Structuring a UK Company for Dormant Filing
Key Characteristics of a Dormant Company:
• Not Trading:
A dormant company does not engage in any business activities, such as buying or selling goods or services, or generating income from investments.
• Legally Registered:
Despite being inactive, the company remains legally registered with Companies House.
• Statutory Compliance:
Dormant companies must still meet statutory filing obligations, including submitting annual accounts and a confirmation statement to Companies House.
• Dormancy for Tax Purposes:
HMRC classifies a company as dormant for Corporation Tax purposes if it is not trading and has no other sources of income, such as investments.
UK Trusts and CRS: Planning Strategies
Trusts: Custodial Institutions
Under agreements for the Automatic Exchange of Information, trusts are recognized as entities. A trust may qualify as either a Financial Institution or a Non-Financial Entity. If a trust meets the criteria for a Financial Institution, it is most commonly classified as an Investment Entity. However, it may also meet the conditions for being a Custodial Institution.
For instance, if a trust holds shares within a Custodial Account, it would be considered a Custodial Institution responsible for reporting on that account.
Benefits of UK Non-Resident Trusts Owning UK Companies
If a UK company qualifies as a Professionally Managed Investment Entity (PMIE) and is owned by a UK non-resident Custodial Institution trust, the responsibility for reporting does not fall on the PMIE. Likewise, the UK non-resident Custodial Institution trust is also not responsible for reporting. Instead, the obligation lies with the Custodial Institution holding the equity interest
Optimal Uses for UK Non-Resident Trusts & UK Companies
Advantages of UK Non-Resident Trusts Owning UK Limited Companies.
• The trust is not required to register on the Trust Registration Service (TRS).
• The trustee, in most cases, is the sole Person with Significant Control (PSC) of the company.
• Simplified dormant filing if investments are held within an underlying structure.
• No obligation to register the trust with HMRC unless it is liable for tax.
When UK Non-Resident Trusts Owning UK Companies Are Inefficient
Situations of inefficiency include:
• Trustee Becoming UK Deemed Domiciled: If a trustee of a non-resident trust acquires deemed domicile status in the UK, the trust’s tax benefits are significantly reduced.
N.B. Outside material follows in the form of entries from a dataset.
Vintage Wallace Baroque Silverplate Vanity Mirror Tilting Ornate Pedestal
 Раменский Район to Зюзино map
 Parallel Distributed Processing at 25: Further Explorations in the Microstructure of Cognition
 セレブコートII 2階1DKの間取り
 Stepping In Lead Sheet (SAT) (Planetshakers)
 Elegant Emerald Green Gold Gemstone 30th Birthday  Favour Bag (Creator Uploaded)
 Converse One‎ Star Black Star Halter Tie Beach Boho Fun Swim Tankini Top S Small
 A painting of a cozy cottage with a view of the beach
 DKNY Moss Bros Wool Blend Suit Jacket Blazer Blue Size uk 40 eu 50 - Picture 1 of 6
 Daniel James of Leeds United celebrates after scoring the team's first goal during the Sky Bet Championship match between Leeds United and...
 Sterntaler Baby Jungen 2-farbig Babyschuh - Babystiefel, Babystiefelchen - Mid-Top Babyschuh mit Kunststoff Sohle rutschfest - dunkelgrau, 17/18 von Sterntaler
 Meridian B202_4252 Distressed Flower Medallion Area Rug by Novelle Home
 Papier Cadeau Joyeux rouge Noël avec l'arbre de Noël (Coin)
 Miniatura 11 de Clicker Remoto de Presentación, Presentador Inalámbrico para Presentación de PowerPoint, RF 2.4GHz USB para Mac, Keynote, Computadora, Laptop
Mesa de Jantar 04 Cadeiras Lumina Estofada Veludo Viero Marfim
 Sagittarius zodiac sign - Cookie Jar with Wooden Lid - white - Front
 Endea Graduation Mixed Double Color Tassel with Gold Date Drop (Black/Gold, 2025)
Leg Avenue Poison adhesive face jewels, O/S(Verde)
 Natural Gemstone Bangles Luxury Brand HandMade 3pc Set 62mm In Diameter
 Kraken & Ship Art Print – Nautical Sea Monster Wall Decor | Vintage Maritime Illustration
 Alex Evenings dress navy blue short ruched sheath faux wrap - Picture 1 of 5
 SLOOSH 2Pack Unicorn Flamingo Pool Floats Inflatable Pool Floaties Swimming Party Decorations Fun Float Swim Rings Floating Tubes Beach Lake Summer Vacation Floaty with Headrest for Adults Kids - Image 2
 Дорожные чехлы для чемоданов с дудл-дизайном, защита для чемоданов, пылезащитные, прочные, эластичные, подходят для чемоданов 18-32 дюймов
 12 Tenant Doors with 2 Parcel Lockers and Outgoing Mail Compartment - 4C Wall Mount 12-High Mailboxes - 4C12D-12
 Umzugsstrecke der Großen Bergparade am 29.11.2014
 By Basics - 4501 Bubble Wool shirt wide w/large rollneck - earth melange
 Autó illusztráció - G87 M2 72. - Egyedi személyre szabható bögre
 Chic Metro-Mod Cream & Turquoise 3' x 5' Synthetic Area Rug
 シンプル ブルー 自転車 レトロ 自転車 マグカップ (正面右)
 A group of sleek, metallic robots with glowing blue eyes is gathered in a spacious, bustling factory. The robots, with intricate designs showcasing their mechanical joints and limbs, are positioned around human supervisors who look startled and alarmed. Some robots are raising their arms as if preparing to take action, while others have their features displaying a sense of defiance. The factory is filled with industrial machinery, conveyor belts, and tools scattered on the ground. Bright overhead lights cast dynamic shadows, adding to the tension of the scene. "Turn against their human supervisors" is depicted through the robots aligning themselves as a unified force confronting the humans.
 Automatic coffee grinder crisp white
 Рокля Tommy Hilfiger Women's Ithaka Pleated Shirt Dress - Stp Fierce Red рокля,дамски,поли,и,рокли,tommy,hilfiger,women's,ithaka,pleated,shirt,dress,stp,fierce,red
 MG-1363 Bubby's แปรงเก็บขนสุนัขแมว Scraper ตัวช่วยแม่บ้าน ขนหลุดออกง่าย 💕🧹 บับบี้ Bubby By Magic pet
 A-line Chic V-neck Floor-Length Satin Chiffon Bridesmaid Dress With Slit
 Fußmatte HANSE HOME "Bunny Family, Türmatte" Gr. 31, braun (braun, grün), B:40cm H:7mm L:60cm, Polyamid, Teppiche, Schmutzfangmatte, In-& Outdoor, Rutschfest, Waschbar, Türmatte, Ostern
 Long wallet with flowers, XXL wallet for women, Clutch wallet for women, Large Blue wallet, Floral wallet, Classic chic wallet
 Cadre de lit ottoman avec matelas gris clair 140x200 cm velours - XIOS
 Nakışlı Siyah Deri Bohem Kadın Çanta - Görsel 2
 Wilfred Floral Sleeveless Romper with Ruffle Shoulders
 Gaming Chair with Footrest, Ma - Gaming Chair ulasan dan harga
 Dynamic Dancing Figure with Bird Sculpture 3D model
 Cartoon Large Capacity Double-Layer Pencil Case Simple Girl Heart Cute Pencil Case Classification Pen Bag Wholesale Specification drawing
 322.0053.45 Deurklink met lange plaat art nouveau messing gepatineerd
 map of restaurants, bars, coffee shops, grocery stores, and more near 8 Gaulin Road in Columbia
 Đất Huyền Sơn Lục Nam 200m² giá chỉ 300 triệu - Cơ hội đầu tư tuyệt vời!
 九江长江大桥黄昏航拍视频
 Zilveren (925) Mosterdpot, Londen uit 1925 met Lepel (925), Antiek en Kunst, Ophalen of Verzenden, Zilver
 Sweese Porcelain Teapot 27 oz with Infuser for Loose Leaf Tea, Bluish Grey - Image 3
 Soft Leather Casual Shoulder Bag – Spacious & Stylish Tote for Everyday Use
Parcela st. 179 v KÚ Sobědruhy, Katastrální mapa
• Beneficiaries Becoming UK Resident: If beneficiaries of a non-resident trust become UK residents, they may become liable for UK taxes on the trust’s income and gains.
• Trust Holding UK Assets: If a non-resident trust owns UK assets—such as property or shares in a UK limited company—those assets may be subject to UK taxation.
Reporting Requirements When Decanting a Trust
For CRS Purposes: Who Is Considered the Settlor of the New Trust?
Assume that, for CRS purposes, an individual settlor establishes an SPV Custodial Institution trust. The SPV Custodial Institution then decants or resettles assets into a new reporting trust with a new corporate trustee.
Settlor for Income Tax Purposes
• The original economic settlor who provided the funds to the SPV Custodial Institution trust is treated as the settlor for income tax purposes.
Settlor for CRS Purposes
• CRS relates to the automatic exchange of information.
• The settlor of the new trust is the entity that settled the assets.
• For AEOI purposes, if that entity is a reportable person, the new trust will report on the Controlling Persons of the entity.